1) WRITES WHAT NO ONE ELSE CAN

It is not just night.  No.  

There are two full moons tonight.  

Their reflections stare balefully from the open eyes of your mother-in-law sitting in your front porch swing ... 

the mother-in-law you buried three days ago.


2) SERVES THE READER NOT THE WRITER

The reader doesn't turn the pages because of the need to applaud you.  The reader turns them to find out what happens next.


3) ASKS THE IMPORTANT QUESTIONS

 “What am I trying to say? 

What words will express it? 

What image or idiom will make it clearer? 

Is this image fresh enough to have an effect?


4) WRITING IS LIKE USING MAGIC

You write the words, and they altered the perceived universe. 

By merely writing you could create damage and pain, 

cause tears to fall, drive people away, make yourself feel better, make your life worse.

 Good writing strives to explain, to make things a little bit clearer, to make sense of our world.

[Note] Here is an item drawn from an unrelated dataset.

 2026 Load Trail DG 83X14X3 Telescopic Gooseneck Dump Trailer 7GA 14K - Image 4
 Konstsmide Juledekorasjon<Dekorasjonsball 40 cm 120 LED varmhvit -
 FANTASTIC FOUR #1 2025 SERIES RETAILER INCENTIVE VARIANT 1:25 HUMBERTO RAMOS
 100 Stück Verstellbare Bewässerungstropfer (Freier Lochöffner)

 A writer always tries to be part of the solution, to understand a little about life and to pass this on.


5) TELLS A FULL STORY

 There’s a name for something with a single point of view: 

It’s called a press release.

 Incorporate multiple perspectives even if you are writing in 1st Person POV.  

Your heroine must struggle in a world that cares about its own agenda not hers.

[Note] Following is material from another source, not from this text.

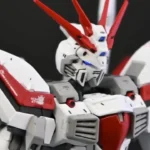 Red and White God Gundam Myniatures
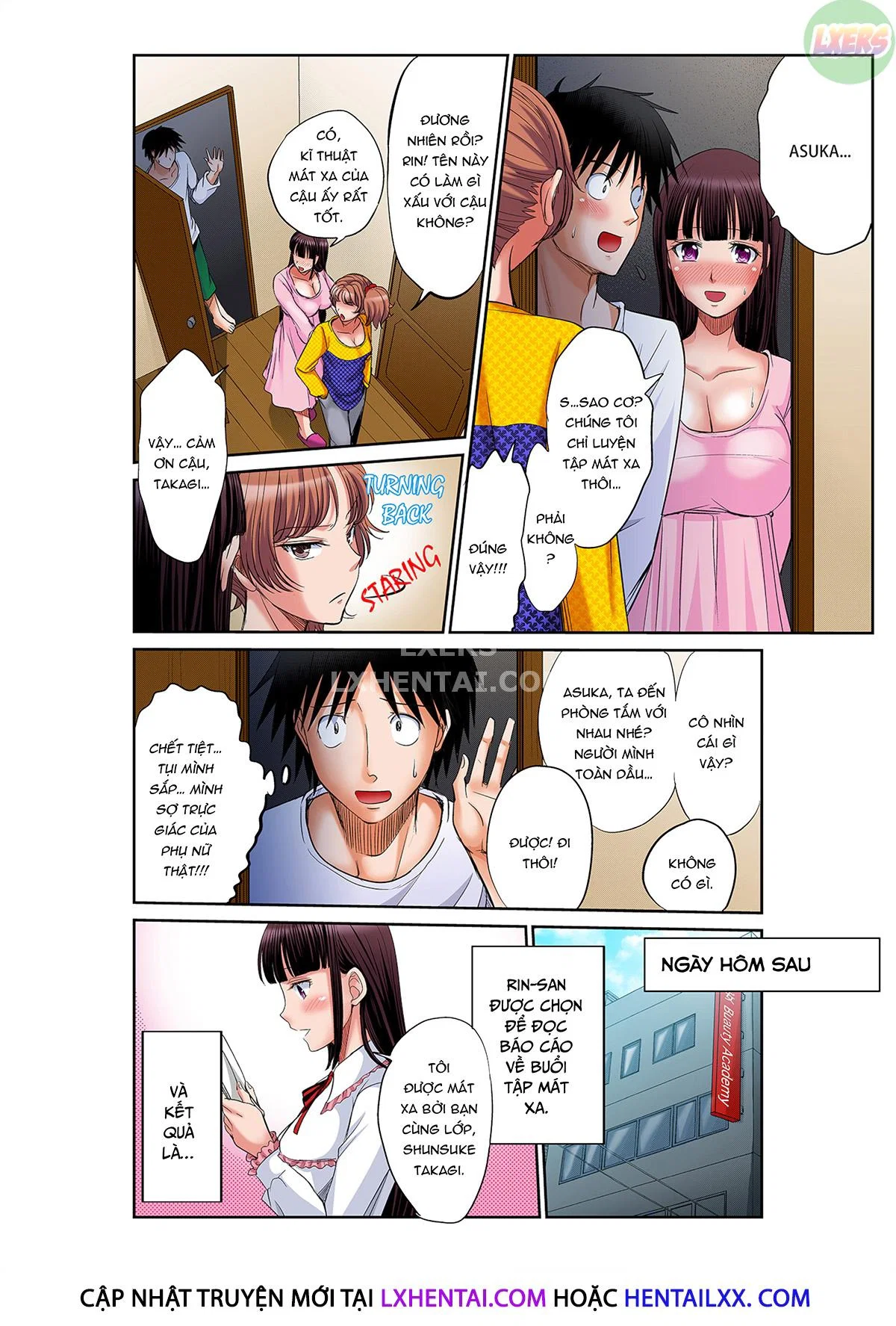 Học viện Sắc đẹp - Chapter 5 trang 7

6.) SINGS A WORLD INTO BEING

Talented writing makes things happen in the reader’s mind:

 vividly, forcefully 

 that good writing, which stops with clarity and logic, doesn’t.


7.) IS SUBTLE

 We have to allow the sunken meanings to remain sunken, suggested, not stated.

The most horrifying monsters are the ones never quite seen.

A cop shoots a drug addict in self-defense.  Simple scene read a dozen times.  

The addict whimpers as he lays dying.  "I'm going.  I'm going.  I'm ... afraid."

The cop holsters his gun, cradles the youngster, and whispers in his ear:

"Sshh,  It is just a bad dream, a bad dream.  Go back to sleep." 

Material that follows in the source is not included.